How to keep your US bank account (and mail) while living abroad
Stop your accounts getting frozen, keep your money moving cheaply, and stay reachable by the IRS.
Keep a US mailing address (a virtual mailbox), bank somewhere expat-friendly like Schwab or Fidelity, move money with Wise or Revolut instead of bank wires, and remember the FBAR if your foreign accounts ever total over $10,000.
Why accounts get frozen — and how to prevent it
US banks are required to know where their customers live, and some will restrict or close an account that suddenly shows a foreign address or repeated overseas logins. The fix is mostly about not surprising them: keep a US mailing address on the account, and use two-factor authentication that works abroad.
Before you go, tell your bank you'll be traveling, and switch any SMS-based two-factor to an authenticator app — texts to a US number often won't arrive once you've left.
Bank somewhere expat-friendly
Some US institutions are far more tolerant of customers living abroad than others. Charles Schwab and Fidelity are commonly used by expats (Schwab's brokerage checking is popular for its fee-free global ATM withdrawals), but policies change — verify current terms before you rely on any one account.
Carry two layers of access to cash: one primary bank plus a backup — a second debit card, a no-foreign-transaction-fee credit card, and a small emergency reserve outside your main checking.
Get a US address that actually works: a virtual mailbox
A virtual mailbox gives you a real US street address where your mail is received, scanned, and shown to you online — you decide what to forward, store, or shred. It's the single most useful setup for an expat because it keeps you reachable for both banking and IRS correspondence.
Set one up before you leave and use it as the address on your bank and brokerage accounts. Avoid using a family member's home address if you want to cleanly exit state taxation (see below).

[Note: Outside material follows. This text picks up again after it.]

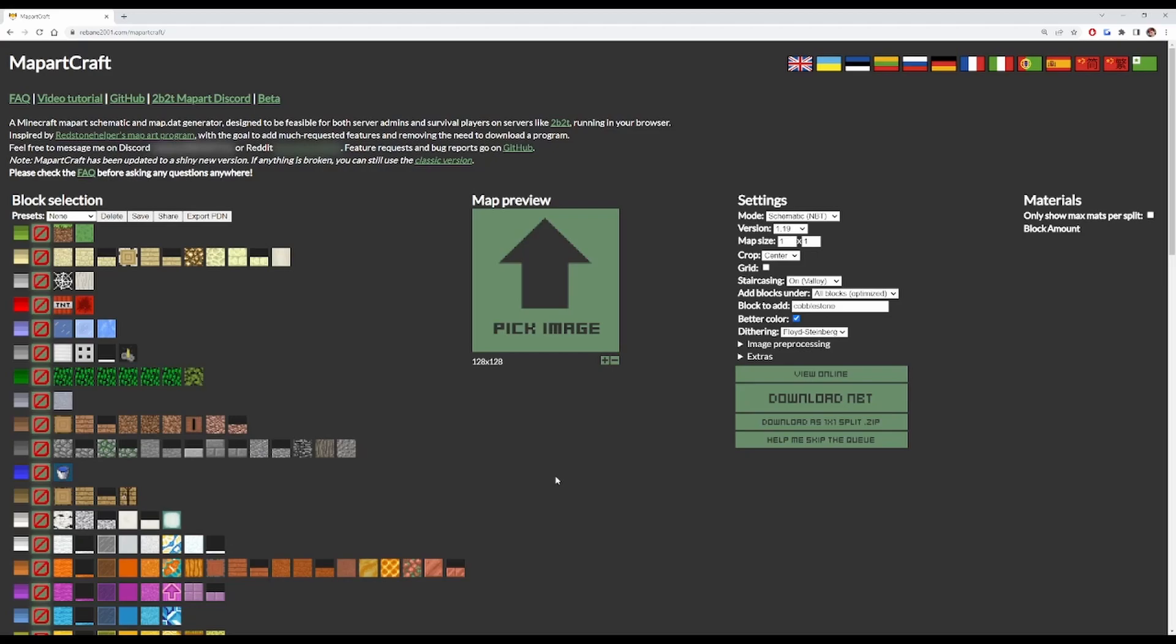You first want to go to this website rebane2001.com/mapartcraft. I will leave a link in the description, and we're going to need to set this up first before we can do anything with it.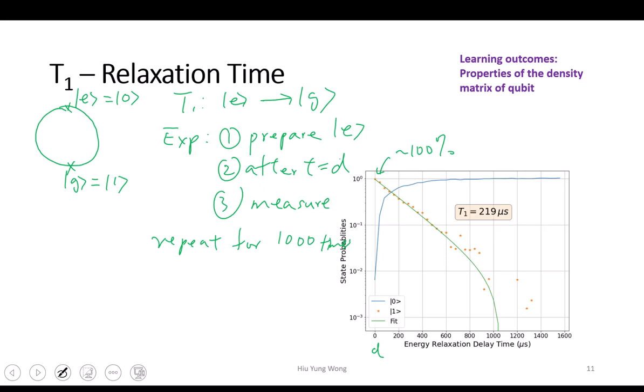Then we keep waiting — for example, we wait for 200 microseconds and measure again. Sometimes we get zero, sometimes we get one, but only about 30 to 40 percent are still at the one state. From excited state to ground state, you put the ball on top of the hill and when the time is really long you expect all the balls will go down. As a function of time it looks asymmetric because it's in log scale — log of zero is like negative infinity but log of one is zero, so it won't look symmetrical, but they add together to one.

Move money without the FX markup
Bank wires bury a 3–5% markup in the exchange rate. For routine transfers between dollars and your local currency, use Wise or Revolut, which convert at close to the mid-market rate for a small, visible fee.
A common pattern: keep income in USD, hold a local account for rent and utilities, and convert in chunks as you spend rather than all at once.
Don't forget the FBAR
If your foreign financial accounts together total more than $10,000 at any point in the year, you must file an FBAR (FinCEN Form 114). It's separate from your tax return, due April 15 with an automatic extension to October 15, and the penalties for skipping it are severe.
Open a simple file the day you arrive: account-opening dates, year-end balances, and your arrival date. It makes both the FBAR and any FEIE day-count painless.
Watch the state-tax exit
People keep getting state tax bills years after leaving because they never formally exited — especially from California, New York, Virginia, New Mexico and South Carolina. Change your driver's license and voter registration out of the state, stop using your old state address, and document your departure date.
Frequently asked
Will my US bank close my account if I move abroad?
It can, if it sees a foreign address or flags overseas activity — particularly some big retail banks. Keeping a US mailing address, banking with an expat-friendly institution, and notifying them in advance greatly reduces the risk.
Do I need a US address to keep my accounts?
Effectively yes for most banks and brokerages. A virtual mailbox provides a real US street address and forwards/scans your mail, which keeps your accounts in good standing and keeps you reachable for IRS mail.
What's the cheapest way to move money abroad?
For most people, Wise or Revolut — they convert near the mid-market rate with a small transparent fee, versus the 3–5% hidden in a typical bank wire's exchange rate.
- FinCEN — Report Foreign Bank and Financial Accounts (FBAR)
- IRS — FBAR overview
- Charles Schwab — accounts for clients living abroad
- Wise — international transfers
General information for US citizens, not legal or tax advice. Confirm specifics with the relevant authority and a licensed cross-border professional before acting.